On Wed, 20 Dec 2023 at 10:56, Michail Nikolaev
<michail.nikolaev@gmail.com> wrote:
> > Note that the use of such expressions would be a violation of the
> > function's definition; it would depend on data from other tables which
> > makes the function behave like a STABLE function, as opposed to the
> > IMMUTABLE that is required for index expressions. So, I don't think we
> > should specially care about being correct for incorrectly marked
> > function definitions.
>
> Yes, but such cases could probably cause crashes also...
> So, I think it is better to check them for custom functions. But I
> still not sure -
> if such limitations still required for proposed optimization or not.
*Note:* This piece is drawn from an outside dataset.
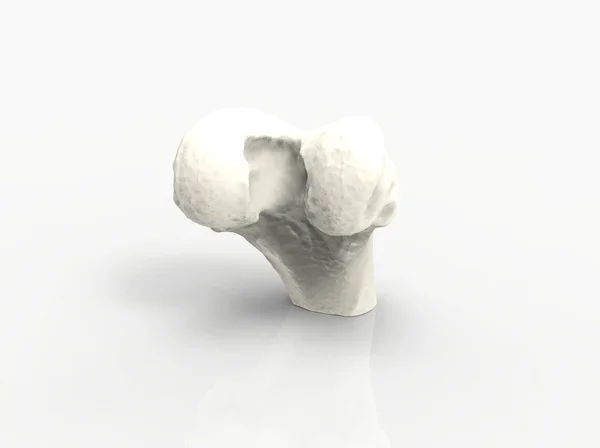 Modell Menschlicher Knochen Teil Des Knies Oberschenkelknochen Render — Stockfoto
I think contents could be inconsistent, but not more inconsistent than
if the index was filled across multiple transactions using inserts.
Either way I don't see it breaking more things that are not already
broken in that way in other places - at most it will introduce another
path that exposes the broken state caused by mislabeled functions.
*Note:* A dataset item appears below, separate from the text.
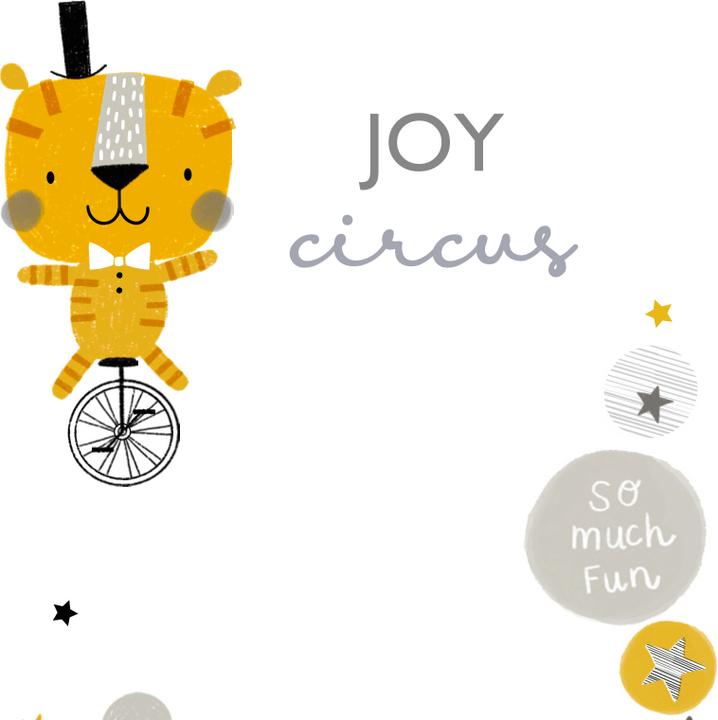 Actual product image Funnababy Sleeping Bag - Circus - Grey - 55 Cm (55 cm)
> > I just realised there is one issue with this design: We can't cheaply
> > reset the snapshot during the second table scan:
> > It is critically important that the second scan of R/CIC uses an index
> > contents summary (made with index_bulk_delete) that was created while
> > the current snapshot was already registered.
>
> > So, the "reset the snapshot every so often" trick cannot be applied in
> > phase 3 (the rescan), or we'd have to do an index_bulk_delete call
> > every time we reset the snapshot. Rescanning might be worth the cost
> > (e.g. when using BRIN), but that is very unlikely.
>
> Hm, I think it is still possible. We could just manually recheck the
> tuples we see
> to the snapshot currently used for the scan. If an "old" snapshot can see
> the tuple also (HeapTupleSatisfiesHistoricMVCC) then search for it in the
> index summary.
That's an interesting method.

How would this deal with tuples not visible to the old snapshot?
Presumably we can assume they're newer than that snapshot (the old
snapshot didn't have it, but the new one does, so it's committed after
the old snapshot, making them newer), so that backend must have
inserted it into the index already, right?
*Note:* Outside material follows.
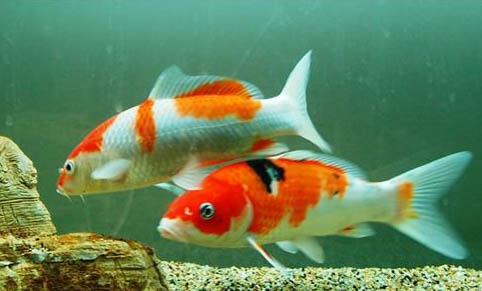 觀賞魚為什么會爛嘴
> HeapTupleSatisfiesHistoricMVCC

That function has this comment marker:
   "Only usable on tuples from catalog tables!"
Is that correct even for this?

Should this deal with any potential XID wraparound, too?
How does this behave when the newly inserted tuple's xmin gets frozen?
This would be allowed to happen during heap page pruning, afaik - no
rules that I know of which are against that - but it would create
issues where normal snapshot visibility rules would indicate it
visible to both snapshots regardless of whether it actually was
visible to the older snapshot when that snapshot was created...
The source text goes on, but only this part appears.